Bush and the Republicans Are Not to Blame for the Recession, Part III: The Bush Policies Obama Continued and the Democratic Policies that Exacerbated the Great Recession


           In my first post in the series, I examined the prosperity that was unleashed by President George W. Bush’s tax cuts, despite the economic and security challenges he faced.  The point was to refute the argument by liberals and Democrats that Bush was responsible for the current economic recession, the origins of which I explained in the second post in this series as having been caused by natural economic and global factors that were exacerbated by Democratic policies.  The purpose of this final post is to summarize and refute the specific liberal and Democratic arguments that the policies of Bush and the Republicans are to blame for the recession, especially by noting these Democratic policies and observing how the Democratic Obama Administration has followed most of Bush’s policies they blame for the recession.

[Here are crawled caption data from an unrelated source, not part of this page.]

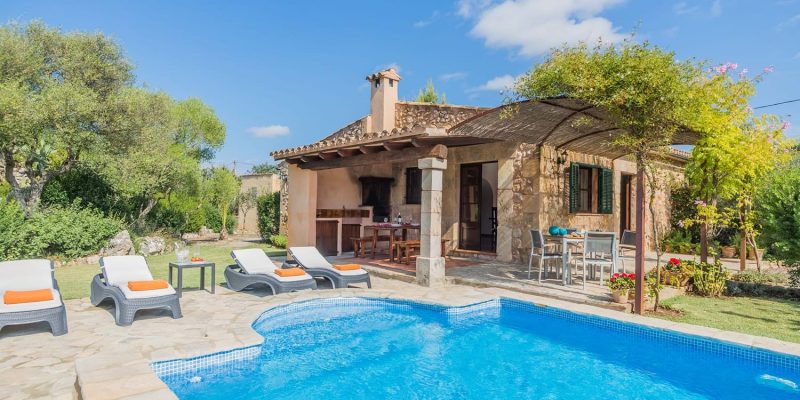 Villa Ca'n Jaume Pool Villa Ca'n Jaume Pool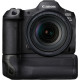 Батарейный блок Canon BG-R20 (EOS R5/R5m2/R6/R6m2) (6762C001)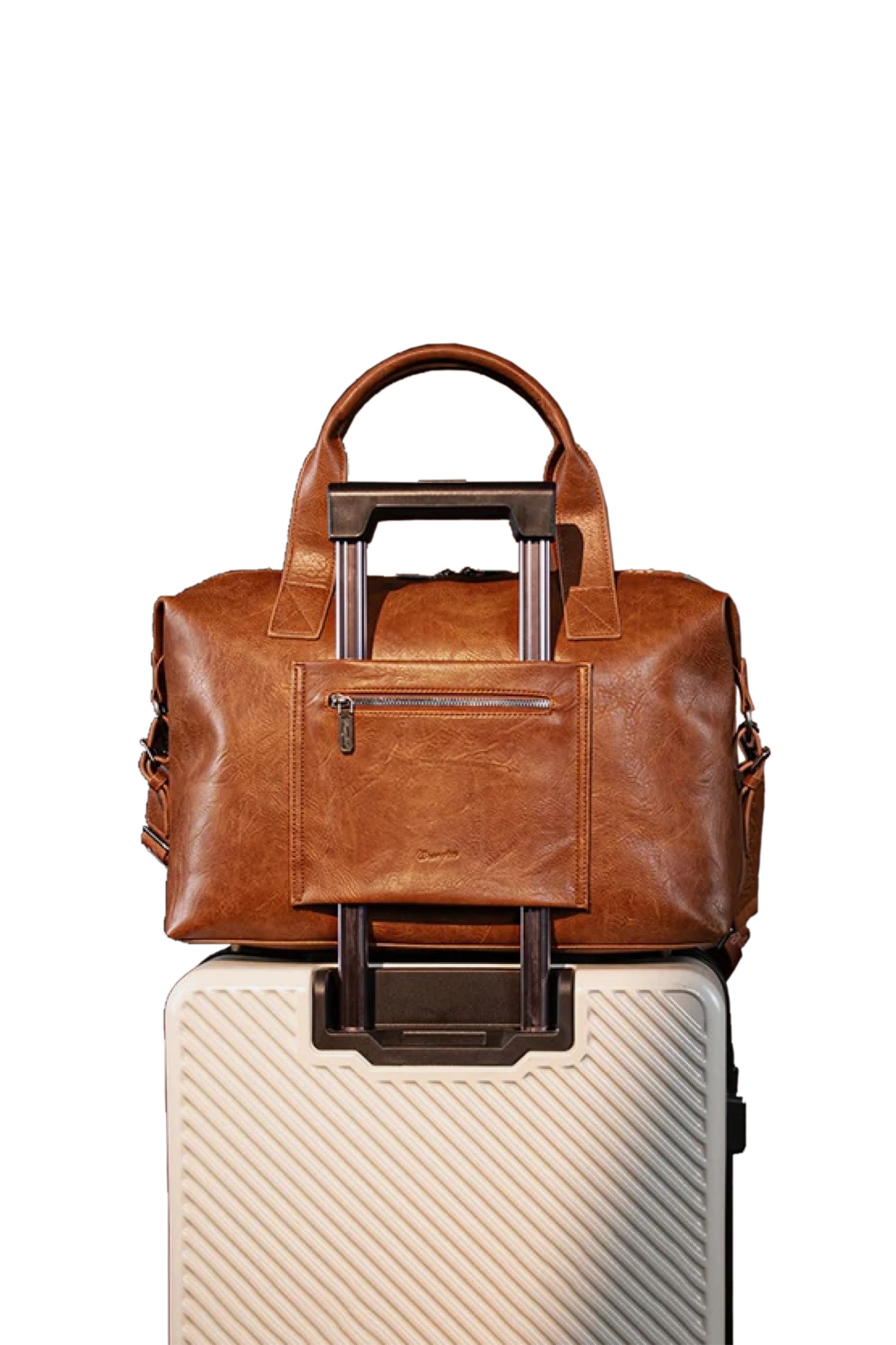 Wrangler Duffle Bag | Maya | Aztec Tan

I doubt that many people can even identify what specific policies of the Bush Administration allegedly caused the recession.  Presidents often wrongly receive too much credit or blame for the economy, as people assume not only that government, but particularly the federal government and especially the president is responsible.  I have identified four allegations that Bush’s policies caused the recession that are either wrong or exaggerated while the economically beneficial effects of the policies are ignored, as well as the degree to which external matters harmed the economy:

1) Tax cuts.  Bush’s across-the-board income tax cuts sparked the aforementioned economic recovery, despite September 11 and led to prosperity from 2002-2008.  The liberals’ and Democrats’ argument that tax cuts caused the recession is a novel one not supported by economists except Marxists.  Regardless, Obama extended the tax cuts in order to avoid a tax increase during a weak economic recovery, which even he recognized would have harmed the economy.

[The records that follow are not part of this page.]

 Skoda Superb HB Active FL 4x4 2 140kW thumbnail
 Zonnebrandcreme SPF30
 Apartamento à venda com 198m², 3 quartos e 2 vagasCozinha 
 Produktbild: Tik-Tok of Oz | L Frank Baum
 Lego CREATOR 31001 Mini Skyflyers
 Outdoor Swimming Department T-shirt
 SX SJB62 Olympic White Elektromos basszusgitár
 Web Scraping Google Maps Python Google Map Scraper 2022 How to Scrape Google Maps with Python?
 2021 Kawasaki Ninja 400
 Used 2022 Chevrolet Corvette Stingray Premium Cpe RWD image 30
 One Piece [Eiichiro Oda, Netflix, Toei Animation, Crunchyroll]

2) Deficit spending.  The argument that spending more than revenues, thereby causing a budget deficit, drives up interest rates, which, because of the over $5 trillion dollars of debt that had accumulated since the 1830s until Bush was inaugurated, cost the government even more because of interest it must pay to service that debt.  However, interest rates reached historic lows during this time.  The deficits were being reduced as percentages of the gross domestic product, despite the need to increase the defense and intelligence budget after the Clinton Administration – until the start of the recession, although the total is exaggerated, as some were in the form of loans with interest that have mostly been repaid during the Obama Administration or the purchases of stock that have been sold for profit.  Regardless, Obama increased the level of federal spending, which he argued was economically “stimulative” when he did it, which contradicts the argument that deficits caused the recession.

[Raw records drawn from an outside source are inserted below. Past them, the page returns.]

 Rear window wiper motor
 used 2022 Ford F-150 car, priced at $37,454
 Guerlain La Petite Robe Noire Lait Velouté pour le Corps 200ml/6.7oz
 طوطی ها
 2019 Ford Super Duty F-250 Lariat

3) Trade.  Bush was one president out of the last five from Ronald Reagan to Obama who have negotiated free trade agreements.  In fact, Obama signed two major free trade agreements that were negotiated by the Bush Administration.           The increase in exports has contributed to economic growth, while the decrease in the cost of imports has helped mitigate inflation.

4) Deregulation or lack of adequate regulation.  The main causes of the financial crisis that led to the Panic of 2008 was the collapse of the real estate market, which was the result of regulations from the Democratic Carter and Clinton Administrations to encourage home ownership, but which encouraged lenders to make bad loans to those who were not creditworthy.  Although the Bush Administration added to this encouragement, it warned repeatedly about the dangers of adequate standards for credit for loans made by the federally-backed Fannie Mae and Freddie Mac mortgage entities, but the Democratic Congress, including then-Senator Obama, declined to act to protect the American taxpayer. 

Many bad mortgages had been bundled together with good mortages as investments by banks that were unable to distinguish which were good and which were not, which critics blame on a lack of adequate bank regulations.  Some liberals and Democrats blame the Bush Administration for the banking deregulation, but the most significant banking deregulation occurred during the Clinton Administration.  Regardless, the collapse of the real estate market did not cause the economic downturn that led to the recession, but it did exacerbate it.  Whether or not the economy would have recovered before going into recession is difficult to determine, but deregulation or lack of adequate regulation was not to blame.

In short, of the four Bush Administration policies the liberals and Democrats claim caused the recession, Obama has continued two of them and increased another while he and his party were heavily responsible for the other one.